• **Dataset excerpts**

--------------------------------------------------

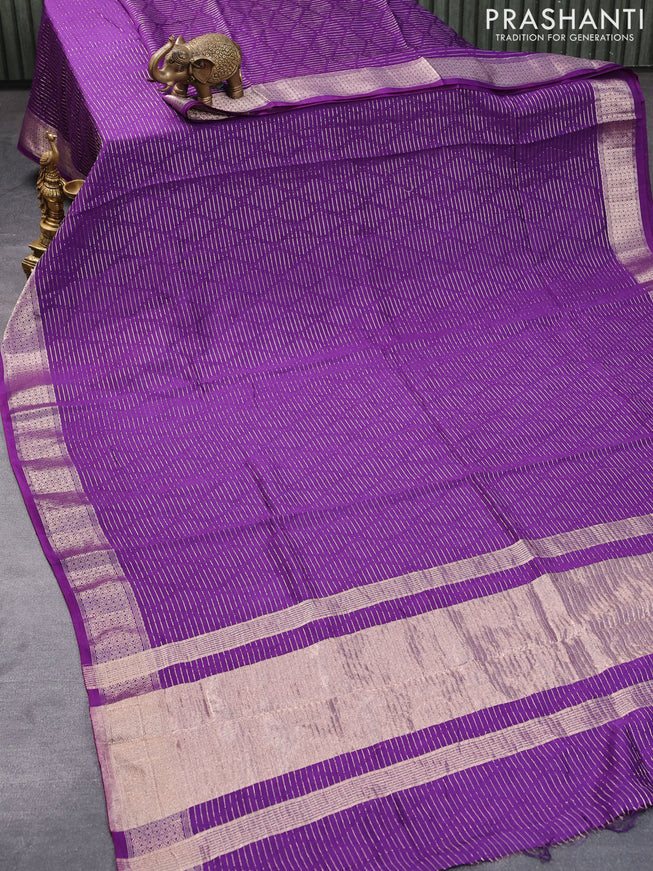 Chinon silk saree violet with allover geometric zari weaves and zari woven border with pichwai printed blouse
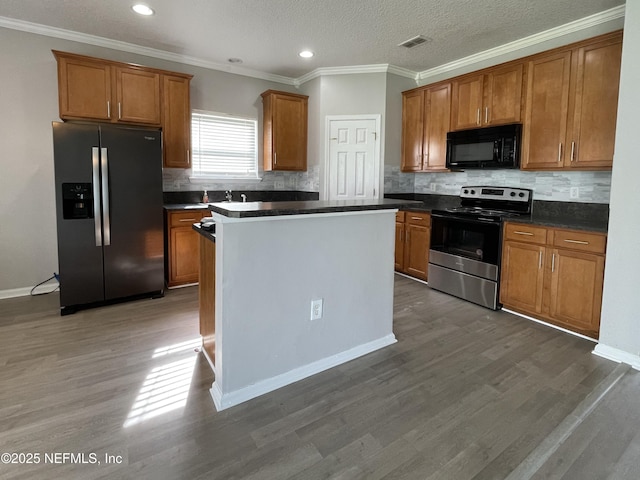 kitchen with dark countertops, visible vents, appliances with stainless steel finishes, brown cabinetry, and dark wood-type flooring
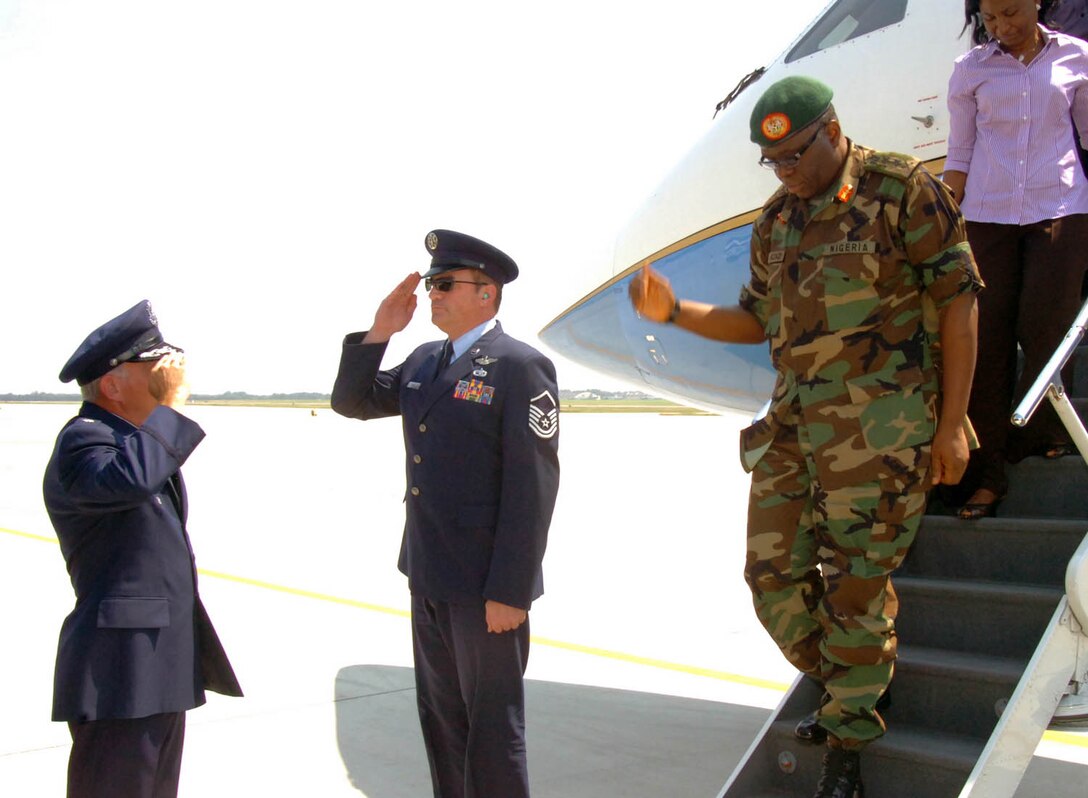 Lt. Col. Thomas Marcoux, 316th Wing Protocol senior duty officer, salutes General Owoye Andrew Azazi,  Chief of Defence Staff of the Federal Republic of Nigeria on the flightline during an official visit recently.  (US Air Force/Bobby Jones)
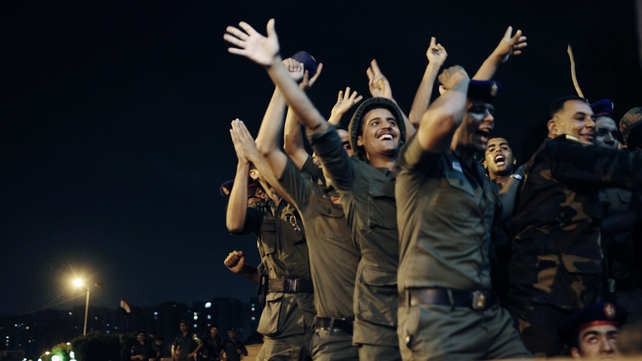 Officers of the Egyptian Republican Guard at the gates of the Republican Guard headquarters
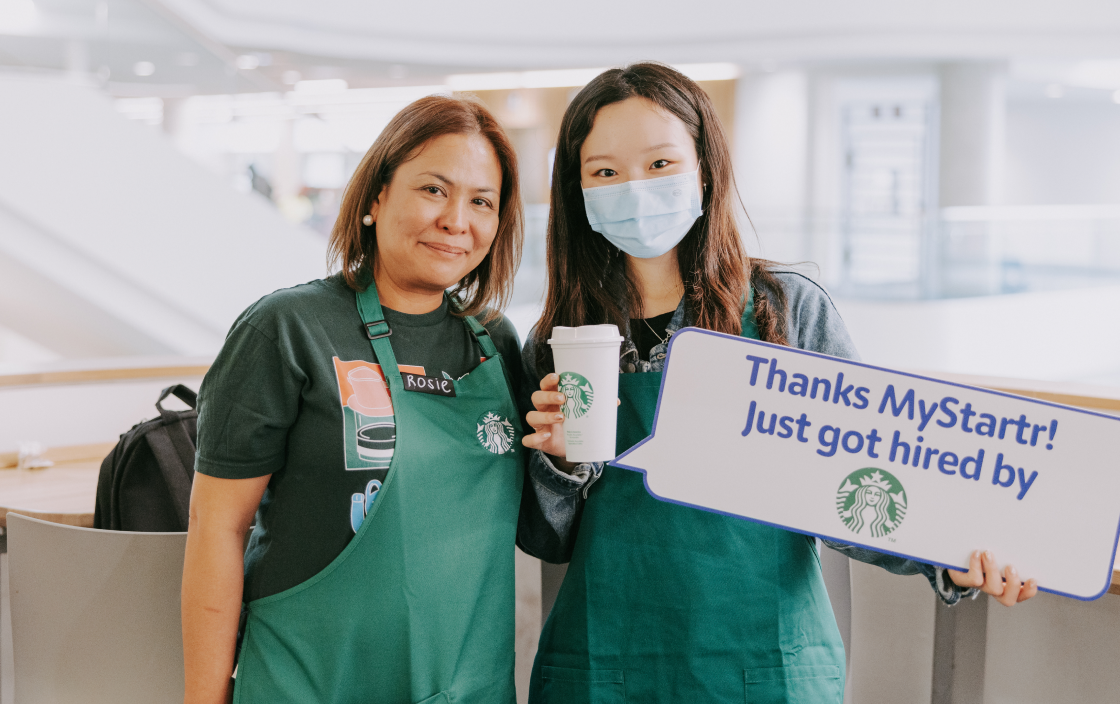 Young employee holding sign thanking MyStartr for helping get a job at Starbucks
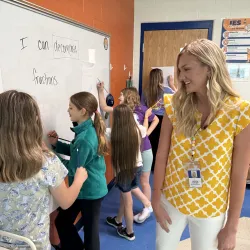 Female teacher smiling at students while they complete an activity.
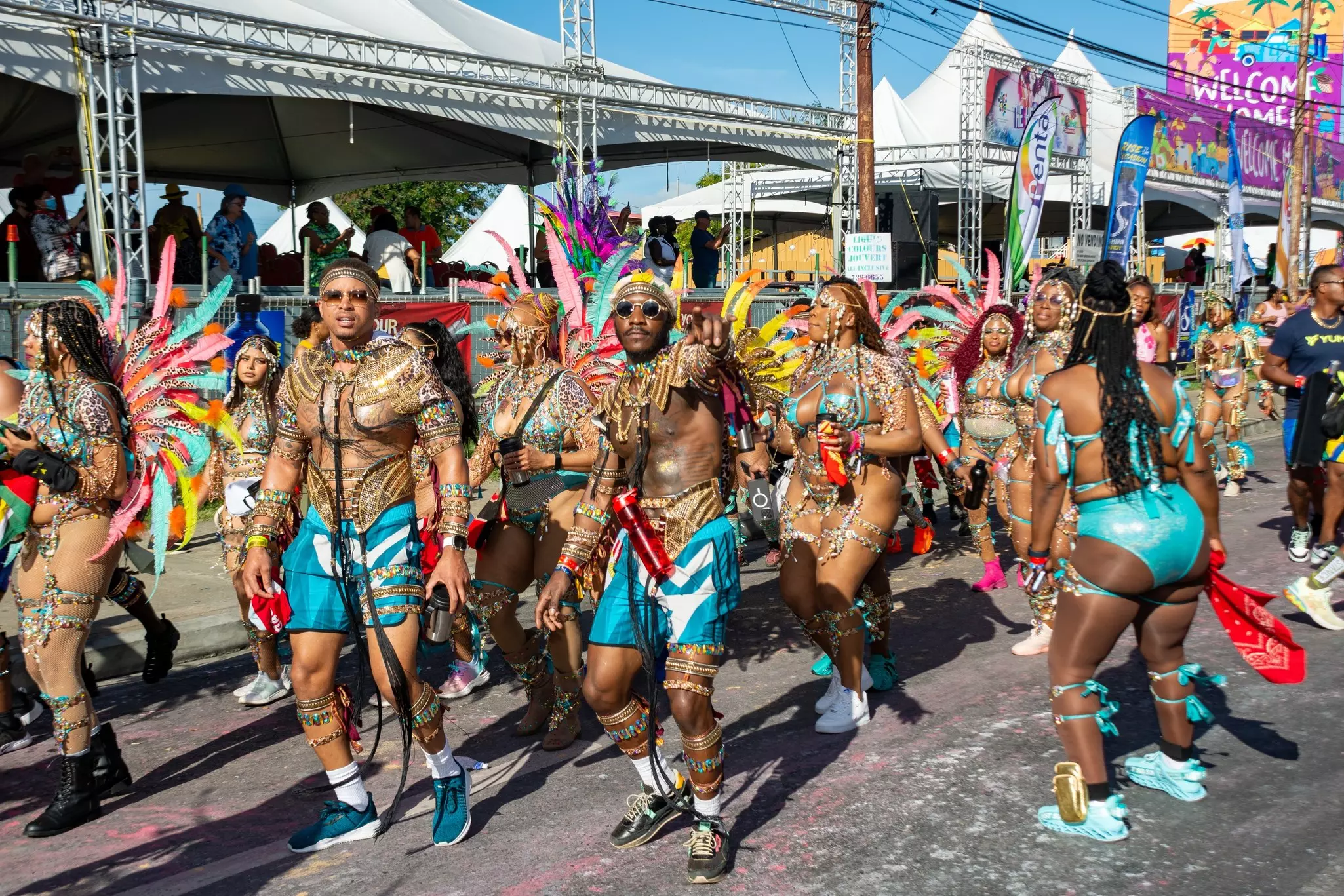 Dancers in elaborate costumes with beads and feathers parade down a street.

--------------------------------------------------

• **EXERCISE DETAILS**
Take the lines from the start of the entries through the line containing "Lt. Col. Thomas" and set them down exactly, leaving out every picture.

• **RESPONSE BOX**
 Chinon silk saree violet with allover geometric zari weaves and zari woven border with pichwai printed blouse
 kitchen with dark countertops, visible vents, appliances with stainless steel finishes, brown cabinetry, and dark wood-type flooring
 Lt. Col. Thomas Marcoux, 316th Wing Protocol senior duty officer, salutes General Owoye Andrew Azazi,  Chief of Defence Staff of the Federal Republic of Nigeria on the flightline during an official visit recently.  (US Air Force/Bobby Jones)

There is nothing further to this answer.